Quick update: I, Sara, did finish my 24 hour ultra! I ran 56 miles, which was 6 over my goal! It was an incredible experience, and as soon as I get back home, I’ll give you all the run-down and some photos!

In this next installment of make this not that, I have decided to make a pizza. This is my all time favorite food. If I could, I would it eat for breakfast, lunch and dinner. With that being said, I don’t for obvious health reasons. This pizza recipe is the healthiest I have found with out sacrificing flavor. Enjoy!

 

 

INGREDIENTS

 1 teaspoon olive oil  

1 cup chopped onion

3 garlic cloves, minced

1 3/4 cups canned crushed tomatoes  

1/8 teaspoon salt  

1/8 teaspoon crushed red pepper

1/4 cup chopped fresh parsley

2 tablespoons chopped fresh basil

1 (10-ounce) can refrigerated pizza crust dough

Cooking spray

2 cups chopped skinned cooked turkey

1/2 cup (2 ounces) shredded provolone cheese

1/2 cup (2 ounces) shredded part-skim mozzarella cheese  

 

Preparation:

Preheat oven to 400°.

Heat olive oil in a large nonstick skillet over medium-high heat. Add onion and garlic; sauté 4 minutes. Stir in tomatoes, salt, and pepper; bring to a boil. Reduce heat; simmer 15 minutes or until thick, stirring occasionally. Stir in parsley and basil. Remove from heat. Cool completely.

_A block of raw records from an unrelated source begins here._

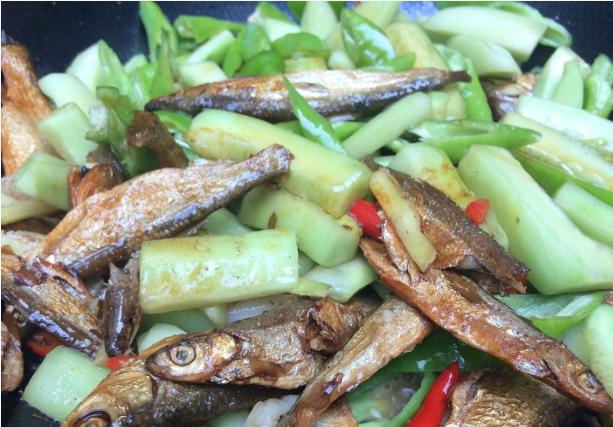 最新吃东西的视频，探索美食世界的魅力
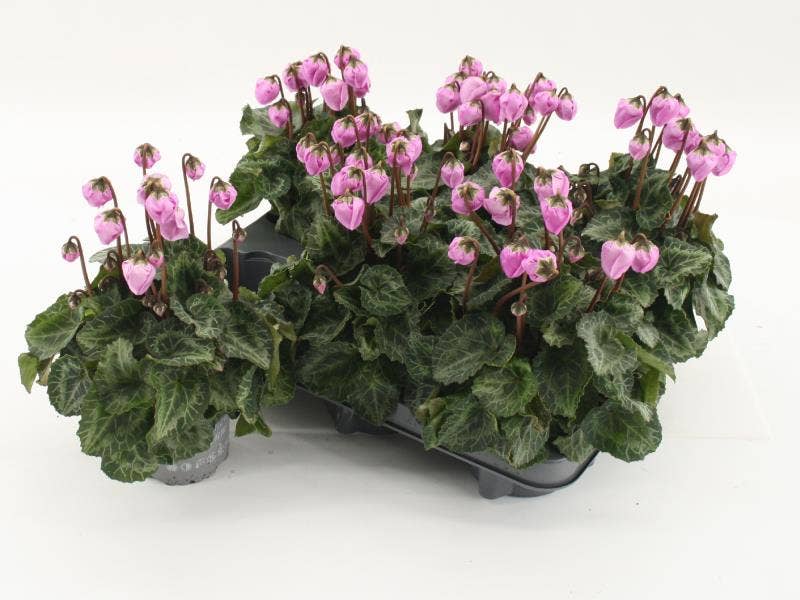 Cyclamen per. 'Windbell Pink'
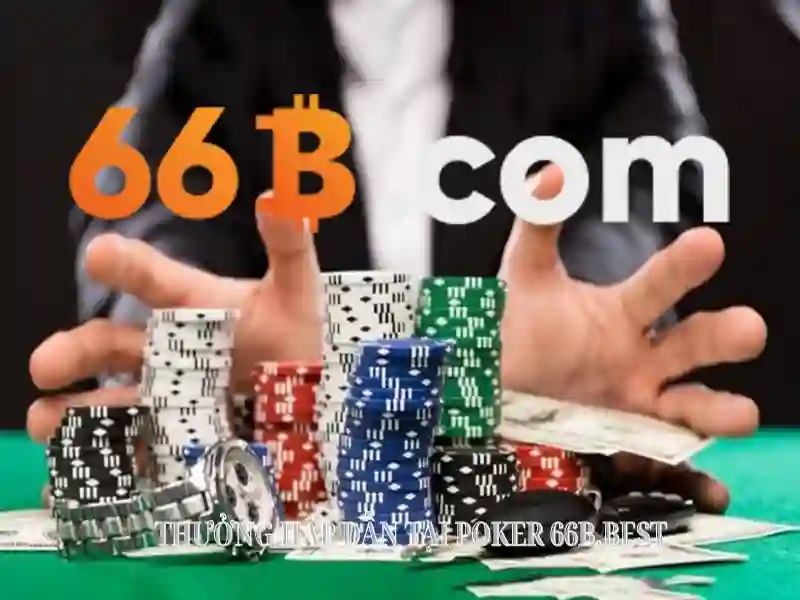 liên hệ 66b – Giới thiệu đầy cảm hứng và sứ mệnh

Roll dough into a 10-inch circle on a lightly floured surface. Place dough on a (12-inch) pizza pan or baking sheet coated with cooking spray. Crimp edges of dough with fingers to form a rim.

Spread tomato mixture over crust, leaving a 1/4-inch border. Top with turkey; sprinkle with cheeses. Bake at 400° for 10 minutes or until golden.